In the spring of 1977 Steve Pomeroy (Chemistry Department) and I resumed our ultrasonic scanning of the Vasari murals seeking signs of a “horizon” beneath the surface. At the start of our work on many mornings we found that our equipment had been tampered with. Mostly we found that cables were either switched or missing. Then we began finding damage and vandalism. Consequently, we took the electronic equipment back to our hotel every evening. By June of 1977 we had finished our low-resolution scan of the Hall and presented our report for that phase of the work to the sponsors and officials. We identified a promising area that we would concentrate upon next for the high-resolution scans. The next morning Steve and I were horrified to see that a portion of the Vasari mural had been vandalized by using one of our transducers to scrape away the paint layer from a substantial area. Then we received a message from the Mayor’s office. We were thanked for our work. We were informed that our work was finished. It was revealed that Seracini had been granted “exclusive” rights to complete the exploration.
For the past several years Seracini has been giving lectures around San Diego claiming that he, personally, is teaching the art conservation community how to employ “nondestructive” technologies in their profession. It is most ironic that he is now being investigated for using destructive drilling to further his Anghiari lifetime career.
John
P.S., We also performed some cursory investigations with microwaves and neutron activation with the assistance of associates from SRI (Menlo Park, CA).”
Alan Miller
September 16, 2012 • 19:10
In Florence the walls were itchy
So I scratched ’till I found a da Vinci
And though I defaced a mystery
I revealed so much history
That the ghost of Vasari got twitchy.
Grazie per il tuo contributo elegantissimo. Sarai lieto di sapere che non sei da solo. Una certa persona mi ha mandato il testo graffito sul muro dietro il ponteggio della National Geographic, un testo di rime volgari in inglese, che riprodurrò qui, benché non siano degne della nostra rivista:
There once was a grave man of science,
Who ‘changed San Diego with Florence.
He liked to pick holes,
Until out of his nose,
He produced some black paint with defiance.
Sono forse un lamento di un assistente sandieghese malcontento? O la pasquinata di un passante cinico inglese? Non oserei dire.

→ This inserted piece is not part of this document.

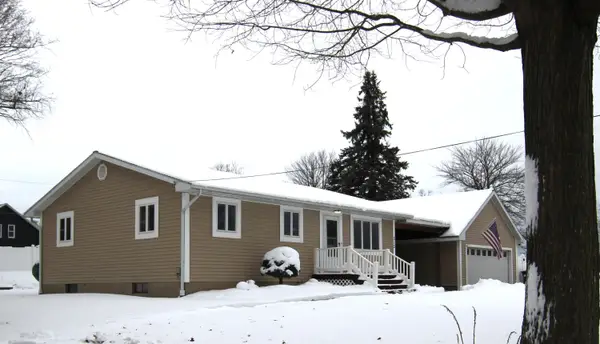 313 N Linden Avenue, Fremont, MI 49412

Ma sono sicuro che l’epopea della ricerca per “La Battaglia di Anghiari” prenderà un posto nobile nella storia artistica ed intellettuale fiorentina. Ci saranno altri chi graffieranno dei versi ispirati dal lavoro seracinesco sul muro. Io credo che non è solo la grandezza dell’impegno, ma un’ aura spirituale emergente dal muro stesso. Sono assolutamente sicuro che il colore che si vede al muro nella Sala del 500 è uno strato moderno. Indietro si nascondono rime “limericks” del gran maestro del genere, Norman Douglas, chi abitava a Firenze durante parecchi anni. Solo un vigliacco pusillanissmo lascerebbe questi tesori della poesia inglese dietro strati di colore e d’intonaco. Si deve strapparli immediatamente! Chi non è d’accordo può fregarsi.